Established in 1995, the Moss/Chumley Artist Award is given in their memory. The award—which carries a cash prize of $3,000—is open to artists working in any medium who live in one of the eleven North Texas counties: Collin, Dallas, Denton, Ellis, Hunt, Johnson, Kaufman, Parker, Rockwall, Tarrant, and Wise.
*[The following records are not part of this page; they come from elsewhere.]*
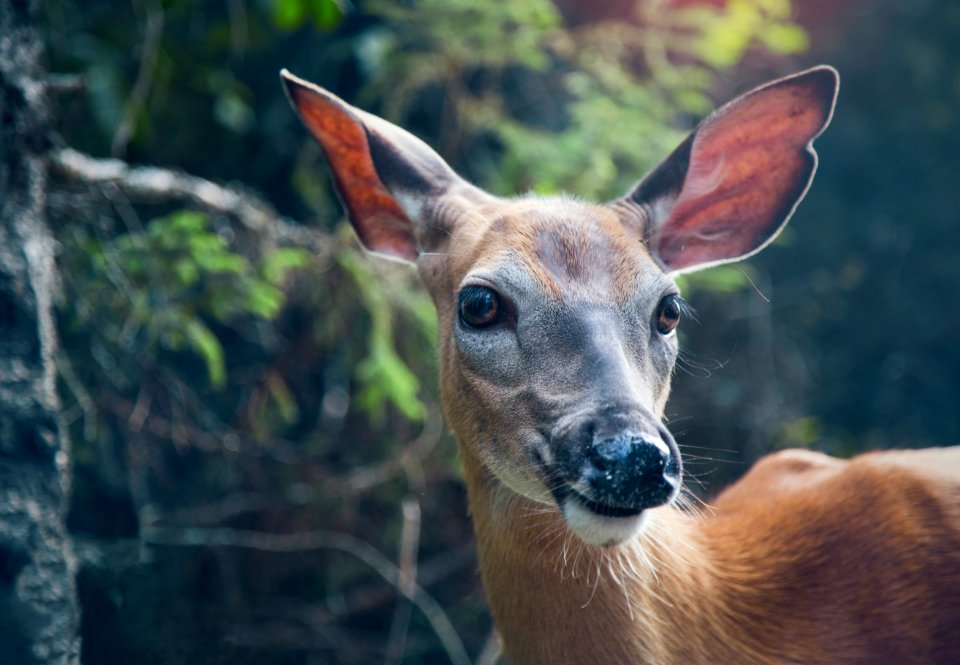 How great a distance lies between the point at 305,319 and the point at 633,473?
318 cm

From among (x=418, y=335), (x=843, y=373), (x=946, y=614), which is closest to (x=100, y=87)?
(x=418, y=335)

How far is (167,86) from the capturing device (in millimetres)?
4871

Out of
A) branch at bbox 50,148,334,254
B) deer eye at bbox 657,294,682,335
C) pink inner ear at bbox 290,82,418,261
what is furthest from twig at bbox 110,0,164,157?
deer eye at bbox 657,294,682,335

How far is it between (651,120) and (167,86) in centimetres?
264

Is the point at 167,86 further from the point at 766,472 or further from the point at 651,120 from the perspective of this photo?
the point at 766,472

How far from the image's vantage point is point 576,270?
262 cm

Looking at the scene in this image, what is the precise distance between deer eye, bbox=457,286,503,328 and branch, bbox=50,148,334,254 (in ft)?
5.60

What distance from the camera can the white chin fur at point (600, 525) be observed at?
2.18m

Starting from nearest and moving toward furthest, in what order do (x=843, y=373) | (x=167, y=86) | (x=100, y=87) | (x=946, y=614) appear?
(x=946, y=614)
(x=100, y=87)
(x=167, y=86)
(x=843, y=373)

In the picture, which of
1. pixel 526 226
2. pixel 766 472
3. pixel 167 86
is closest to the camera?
pixel 526 226

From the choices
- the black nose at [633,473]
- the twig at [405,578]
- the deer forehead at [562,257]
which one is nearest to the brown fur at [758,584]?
the black nose at [633,473]

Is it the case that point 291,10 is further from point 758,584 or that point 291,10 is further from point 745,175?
point 758,584

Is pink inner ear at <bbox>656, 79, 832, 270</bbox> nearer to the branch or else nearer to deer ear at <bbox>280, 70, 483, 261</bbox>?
deer ear at <bbox>280, 70, 483, 261</bbox>

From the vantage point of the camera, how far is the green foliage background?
12.6 feet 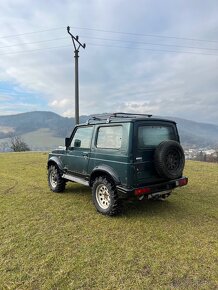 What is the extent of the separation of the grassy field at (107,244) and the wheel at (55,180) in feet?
1.44

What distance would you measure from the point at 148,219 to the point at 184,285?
6.98 ft

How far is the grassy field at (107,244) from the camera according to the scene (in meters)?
3.18

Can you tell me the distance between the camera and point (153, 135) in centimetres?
531

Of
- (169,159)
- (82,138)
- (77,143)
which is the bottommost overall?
(169,159)

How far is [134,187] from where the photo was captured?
192 inches

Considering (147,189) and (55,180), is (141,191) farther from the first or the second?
(55,180)

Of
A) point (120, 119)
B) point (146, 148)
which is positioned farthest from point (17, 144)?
point (146, 148)

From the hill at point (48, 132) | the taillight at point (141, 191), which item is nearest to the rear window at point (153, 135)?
the taillight at point (141, 191)

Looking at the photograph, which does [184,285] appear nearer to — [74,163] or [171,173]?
[171,173]

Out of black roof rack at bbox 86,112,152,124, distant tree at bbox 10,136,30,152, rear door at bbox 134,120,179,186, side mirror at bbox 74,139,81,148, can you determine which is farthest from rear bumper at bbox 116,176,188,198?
distant tree at bbox 10,136,30,152

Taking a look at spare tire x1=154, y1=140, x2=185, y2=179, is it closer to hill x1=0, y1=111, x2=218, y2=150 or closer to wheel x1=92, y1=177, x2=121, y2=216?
wheel x1=92, y1=177, x2=121, y2=216

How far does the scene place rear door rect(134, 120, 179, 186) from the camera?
493 centimetres

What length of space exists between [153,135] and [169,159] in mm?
576

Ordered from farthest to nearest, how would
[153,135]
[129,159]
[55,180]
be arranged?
[55,180] → [153,135] → [129,159] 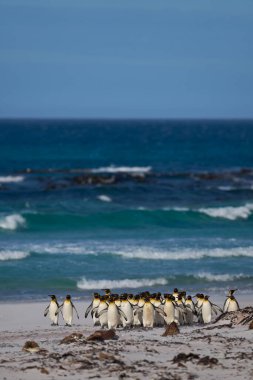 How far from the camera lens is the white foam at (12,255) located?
2275 centimetres

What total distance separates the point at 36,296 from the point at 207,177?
26.2 metres

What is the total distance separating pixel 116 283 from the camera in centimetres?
1998

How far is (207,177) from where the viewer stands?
44.3 meters

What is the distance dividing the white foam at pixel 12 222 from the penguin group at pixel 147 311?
42.6ft

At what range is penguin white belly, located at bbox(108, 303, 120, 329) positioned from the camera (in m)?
14.5

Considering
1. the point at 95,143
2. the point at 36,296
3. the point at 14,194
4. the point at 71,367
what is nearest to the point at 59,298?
the point at 36,296

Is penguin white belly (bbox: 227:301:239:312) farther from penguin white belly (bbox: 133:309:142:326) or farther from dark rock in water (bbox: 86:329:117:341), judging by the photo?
dark rock in water (bbox: 86:329:117:341)

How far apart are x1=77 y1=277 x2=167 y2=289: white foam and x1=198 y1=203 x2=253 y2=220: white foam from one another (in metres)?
11.8

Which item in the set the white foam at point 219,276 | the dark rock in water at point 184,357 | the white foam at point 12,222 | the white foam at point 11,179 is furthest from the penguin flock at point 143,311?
the white foam at point 11,179

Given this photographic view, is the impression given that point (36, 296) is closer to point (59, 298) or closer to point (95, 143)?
point (59, 298)

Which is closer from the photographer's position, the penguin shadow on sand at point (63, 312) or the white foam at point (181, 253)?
the penguin shadow on sand at point (63, 312)

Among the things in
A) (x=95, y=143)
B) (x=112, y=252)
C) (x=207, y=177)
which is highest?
(x=95, y=143)

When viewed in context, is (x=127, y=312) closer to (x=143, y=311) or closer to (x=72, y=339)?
(x=143, y=311)

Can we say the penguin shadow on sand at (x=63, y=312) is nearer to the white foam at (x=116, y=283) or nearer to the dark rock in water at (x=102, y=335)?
the dark rock in water at (x=102, y=335) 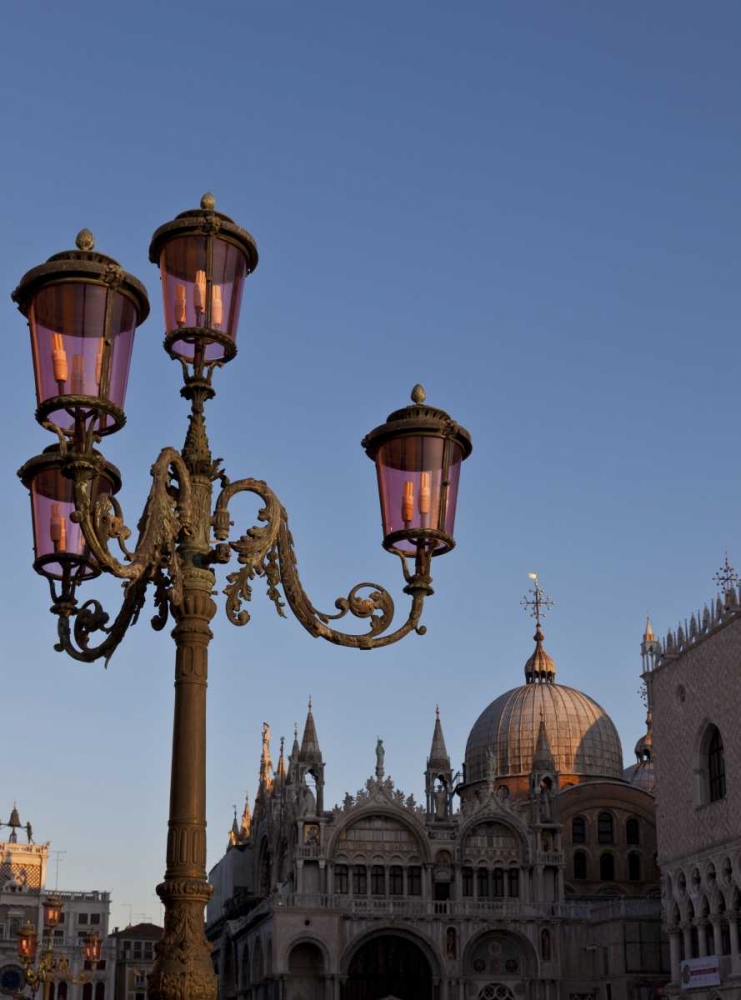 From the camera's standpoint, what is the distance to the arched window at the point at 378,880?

Past recipients include Tamara Johnson, Alicia Eggert, Bernardo Vallarino, Carolyn Sortor, Giovanni Valderas, Sedrick Huckaby, Annette Lawrence, Darryl Lauster, Christopher Blay, Stephen Lapthisophon, Frances Bagley, Isabelle du Toit, Juliette McCullough, David McCullough, Noah Simblist, Catherine Chauvin, Ludwig Schwarz, Janet Tyson, David Dreyer, Marie Van Arsdale, Sherry Owens, Kaleta Doolin, David Hickman, Tracy Hicks, Mary Vernon, Marilyn Waligore, Susan Kae Grant, and Bob Nunn.
About the Meadows Museum
The Meadows Museum is the leading U.S. institution focused on studying and presenting the art of Spain. In 1962, Dallas businessman and philanthropist Algur H. Meadows donated his private collection of Spanish paintings and funds to start a museum at Southern Methodist University. The museum opened to the public in 1965, marking the first step in fulfilling Meadows’s vision to create “a small Prado for Texas.” Today, the Meadows is home to one of the largest and most comprehensive collections of Spanish art outside of Spain. The collection spans from the 10th to the 21st centuries and includes medieval objects, Renaissance and Baroque sculptures, and major paintings by Golden Age and modern masters.